Data provided:
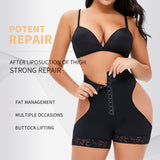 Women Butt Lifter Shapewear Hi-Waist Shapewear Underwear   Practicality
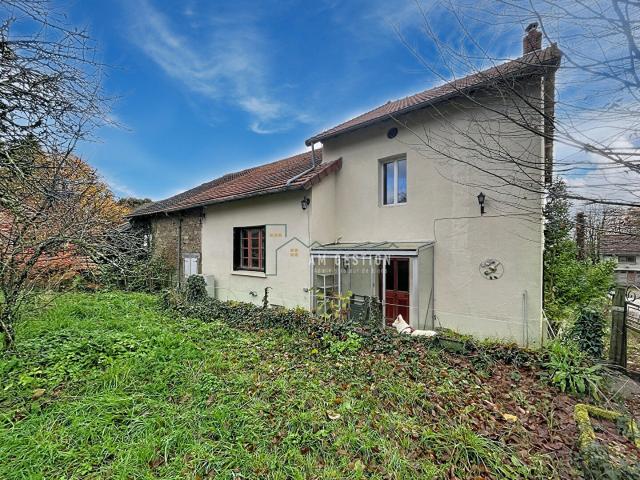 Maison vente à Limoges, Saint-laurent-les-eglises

==

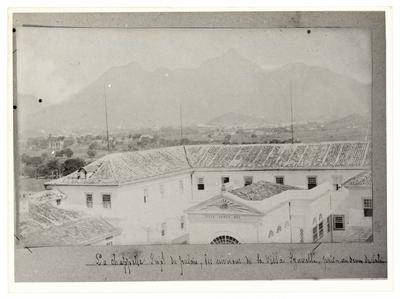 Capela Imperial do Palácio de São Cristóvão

==

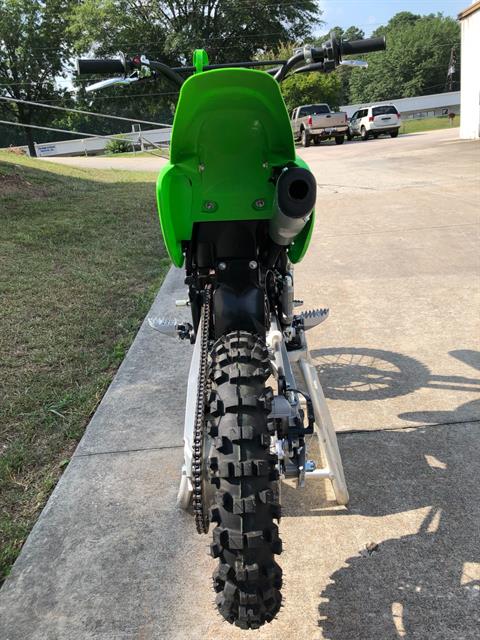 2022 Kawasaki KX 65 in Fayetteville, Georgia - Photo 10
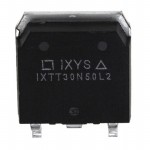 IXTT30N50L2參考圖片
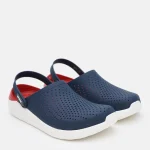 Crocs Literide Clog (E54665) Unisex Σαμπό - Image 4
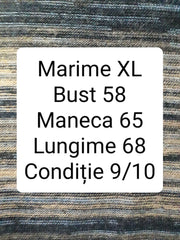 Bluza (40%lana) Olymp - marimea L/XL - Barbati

Exercise details:
Leaving each picture behind, please give again exactly the lines above from the one with "Women Butt Lifter" through the one with "Maison vente à", both included, and no others.

Exercise result:
 Women Butt Lifter Shapewear Hi-Waist Shapewear Underwear   Practicality
 Maison vente à Limoges, Saint-laurent-les-eglises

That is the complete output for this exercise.